After 37 years as an aircraft mechanic, Bob Stone did just that April 1.

Stone, 55, took early retirement and is forming a timber business with his brother and his son.  With any luck, he will soon find wooded construction sites that need clearing.  He'll cut trees into lumber with a trailer-mounted saw mill.

Stone, who lives in Lakewood, is taking side jobs fixing dump trucks and tractors to hedge his entrepreneurial bet.

He's not sure how his company, Stone Environmental Engineering Services, will fare.

But the troubles at United Airlines are endless, and life is not.

"I just couldn't work for these thieving, lying managers anymore," he said.  "I would rather live in a tent."

You'll pardon Stone's venom.  He is one of about 120,000 current and future retirees at United, many of whom lost at least one quarter of their pension benefits this week.

On Tuesday, a federal bankruptcy judge ruled that United can dump its pension obligations on the U.S. Pension Benefit Guaranty Corp.  The pensions are under-funded to the tune of $9.8 billion - but lawyers have a funny way of wording things.

"The global settlement between United and PBGC is a landmark achievement in United's restructuring," United bankruptcy attorneys said in a court filing.

They did not call it the largest pension default in U.S. history, which it is.  Or the wholesale fleecing of 120,000 people, which it is.  But a "landmark achievement,"   as if their mothers would be proud.

On top of this legal gutting, United is asking the bankruptcy court to approve yet another steep round of pay cuts for its employees.

"This really hurts," said Jody Weant, who has worked as a flight attendant for 18 years and is president of the Denver Council of the Association of Flight Attendants. "This is really devastating."

It's so bad that an increasing number of working United flight attendants are looking for something else to do with their lives, Weant said.
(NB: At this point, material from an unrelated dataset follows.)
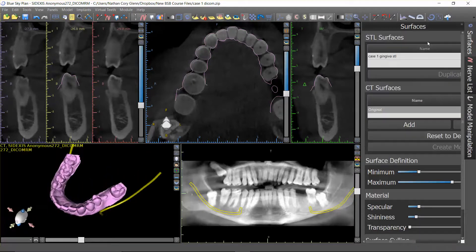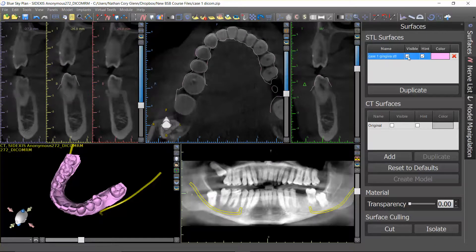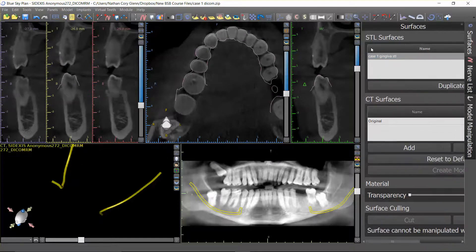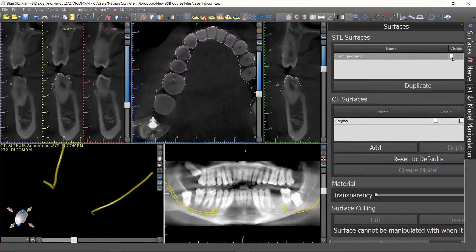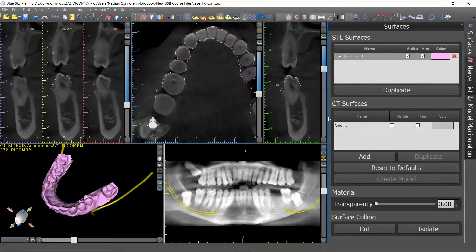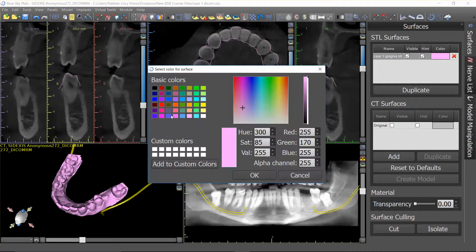Up here you've also got your STL models — the hint is this model outline toggle. If I turn that off you see how the model outline disappears; turn it back on and it reappears. Visible simply makes it visible or invisible in the 3D rendering window. If you want to change colors, all you have to do is click on the color and you can change the color of your STL model. This is very intuitive in that window.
Already, hundreds of flight attendants who were put on furlough refused to return to work when given the chance, she said.

"With the fear and frustration, I've never seen morale at this level," Weant said.

United isn't suffering from mass defections, but the airline has warned in recent bankruptcy filings that it may not be able to retain its best employees.  And by defaulting on pensions, United's implied message to employees is that they are on their own.

"I don't know how United is going to rebuild a world-class airline when they keep losing world-class employees," said Bill Moons, president of the Denver-area chapter of the Aircraft Mechanics Fraternal Association.

Unions representing machinists, mechanics, flight attendants and bag handlers have threatened to strike.  But striking could be suicide.

"Employees realize that if they walk out now, it will cause the immediate death of United," said Anthony Sabino, a business law professor at St. John's University in New York.  "On the other hand, the motive to work with management has disappeared.  They now are just hanging on for mere crumbs."

In letting United ditch its pensions, U.S. Bankruptcy Judge Eugene Wedoff called it the "least bad" solution.  After years of labor strife, shoddy management and declining economics, United Airlines has nothing but bad choices left.

Defaulting on pensions, cutting pay and enraging long-term employees are the bad choices United has besides folding. The desperation level rises with the price of jet fuel.

Why would anybody hang around for this if they didn't have to?

Stone would rather cut down trees and mill them into lumber - which sounds like a lot of hard labor for a 55-year-old man.

"Changing an engine on an airplane in the middle of the night isn't easy either," he said.  "I'm just thankful I have options.  I'm glad I got out of that place and away from all of that stress."